The US government called on all federal civilian agencies to review their networks for indicators of compromise and disconnect or power down SolarWinds Orion products immediately as they are being exploited by malicious actors.
The Cybersecurity and Infrastructure Security Agency (CISA) late Sunday night issued Emergency Directive 21-01, as hackers broke into the networks of the US treasury and commerce departments via trojanized updates to SolarWind’s Orion IT monitoring and management software.
“The compromise of SolarWinds’ Orion Network Management Products poses unacceptable risks to the security of federal networks,” said CISA Acting Director Brandon Wales. “Tonight’s directive is intended to mitigate potential compromises within federal civilian networks, and we urge all our partners—in the public and private sectors—to assess their exposure to this compromise and to secure their networks against any exploitation.”

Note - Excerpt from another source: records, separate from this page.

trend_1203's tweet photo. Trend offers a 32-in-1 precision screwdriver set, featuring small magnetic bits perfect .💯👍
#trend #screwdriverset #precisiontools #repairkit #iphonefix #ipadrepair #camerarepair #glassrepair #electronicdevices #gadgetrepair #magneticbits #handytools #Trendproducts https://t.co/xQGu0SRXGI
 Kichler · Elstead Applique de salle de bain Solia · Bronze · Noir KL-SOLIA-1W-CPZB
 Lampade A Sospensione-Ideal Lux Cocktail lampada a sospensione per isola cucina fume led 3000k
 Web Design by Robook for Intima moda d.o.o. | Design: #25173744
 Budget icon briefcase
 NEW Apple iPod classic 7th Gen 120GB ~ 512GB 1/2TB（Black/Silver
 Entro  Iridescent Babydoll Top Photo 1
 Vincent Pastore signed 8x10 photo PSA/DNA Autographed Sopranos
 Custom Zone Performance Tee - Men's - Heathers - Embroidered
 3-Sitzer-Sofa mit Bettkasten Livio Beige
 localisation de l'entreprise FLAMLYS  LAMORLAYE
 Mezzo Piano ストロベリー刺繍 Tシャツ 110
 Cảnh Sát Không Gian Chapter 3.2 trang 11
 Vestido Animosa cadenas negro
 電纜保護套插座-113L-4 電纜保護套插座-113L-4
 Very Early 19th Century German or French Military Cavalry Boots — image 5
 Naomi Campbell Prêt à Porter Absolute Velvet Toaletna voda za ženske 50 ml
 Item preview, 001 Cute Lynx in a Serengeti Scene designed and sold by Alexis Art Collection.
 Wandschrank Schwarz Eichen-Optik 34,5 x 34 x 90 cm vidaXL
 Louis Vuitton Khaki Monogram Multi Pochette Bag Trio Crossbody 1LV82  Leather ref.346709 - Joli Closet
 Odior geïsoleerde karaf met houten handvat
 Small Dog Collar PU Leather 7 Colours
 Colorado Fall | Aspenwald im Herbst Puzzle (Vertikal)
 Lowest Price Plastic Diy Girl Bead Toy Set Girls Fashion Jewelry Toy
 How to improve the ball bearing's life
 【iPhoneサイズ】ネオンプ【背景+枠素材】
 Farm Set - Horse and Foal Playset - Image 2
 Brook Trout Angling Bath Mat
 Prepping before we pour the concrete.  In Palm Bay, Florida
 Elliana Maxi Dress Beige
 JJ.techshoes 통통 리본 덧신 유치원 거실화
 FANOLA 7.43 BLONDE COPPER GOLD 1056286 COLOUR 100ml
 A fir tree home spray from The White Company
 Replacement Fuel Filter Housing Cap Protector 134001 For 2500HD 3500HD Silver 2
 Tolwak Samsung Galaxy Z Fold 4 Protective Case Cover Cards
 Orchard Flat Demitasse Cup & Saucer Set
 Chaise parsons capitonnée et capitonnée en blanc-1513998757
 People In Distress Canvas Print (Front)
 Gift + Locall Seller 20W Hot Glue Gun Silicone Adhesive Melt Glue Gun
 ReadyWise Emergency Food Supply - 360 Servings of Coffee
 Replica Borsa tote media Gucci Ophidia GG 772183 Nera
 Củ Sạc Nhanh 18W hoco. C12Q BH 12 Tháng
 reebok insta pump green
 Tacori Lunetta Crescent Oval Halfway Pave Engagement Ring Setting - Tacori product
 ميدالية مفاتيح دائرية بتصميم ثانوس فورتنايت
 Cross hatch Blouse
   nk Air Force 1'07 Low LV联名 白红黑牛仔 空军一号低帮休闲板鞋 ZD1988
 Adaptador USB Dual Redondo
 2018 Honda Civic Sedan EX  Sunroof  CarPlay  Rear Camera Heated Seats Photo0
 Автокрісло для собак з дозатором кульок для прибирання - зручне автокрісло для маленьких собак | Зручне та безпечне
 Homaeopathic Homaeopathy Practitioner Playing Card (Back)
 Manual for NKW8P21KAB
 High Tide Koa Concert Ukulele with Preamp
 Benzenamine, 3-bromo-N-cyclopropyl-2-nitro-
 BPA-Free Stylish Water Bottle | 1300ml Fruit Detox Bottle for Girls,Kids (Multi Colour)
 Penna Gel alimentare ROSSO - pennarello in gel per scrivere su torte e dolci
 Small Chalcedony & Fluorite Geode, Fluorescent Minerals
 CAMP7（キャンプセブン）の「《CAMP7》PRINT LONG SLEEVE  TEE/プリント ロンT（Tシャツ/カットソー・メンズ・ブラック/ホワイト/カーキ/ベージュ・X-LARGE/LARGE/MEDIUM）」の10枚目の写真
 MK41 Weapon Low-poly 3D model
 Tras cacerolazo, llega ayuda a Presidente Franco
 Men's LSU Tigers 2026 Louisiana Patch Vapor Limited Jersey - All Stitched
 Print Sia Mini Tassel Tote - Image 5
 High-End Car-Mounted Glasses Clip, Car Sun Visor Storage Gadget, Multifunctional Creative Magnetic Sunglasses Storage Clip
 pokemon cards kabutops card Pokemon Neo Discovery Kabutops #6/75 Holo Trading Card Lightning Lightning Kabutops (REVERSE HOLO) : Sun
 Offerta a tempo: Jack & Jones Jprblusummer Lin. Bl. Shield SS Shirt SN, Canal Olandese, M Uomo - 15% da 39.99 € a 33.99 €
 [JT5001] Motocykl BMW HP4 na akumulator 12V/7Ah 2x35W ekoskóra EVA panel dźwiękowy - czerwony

Global cybersecurity firm FireEye, that first flagged the hacking campaign, discovered a supply chain attack trojanizing SolarWinds Orion business software updates in order to distribute malware they call SUNBURST.
This campaign may have begun as early as Spring 2020 and is currently ongoing.
FireEye added that the campaign is widespread, affecting public and private organizations around the world.
This is the fifth Emergency Directive issued by CISA under the authorities granted by Congress in the Cybersecurity Act of 2015.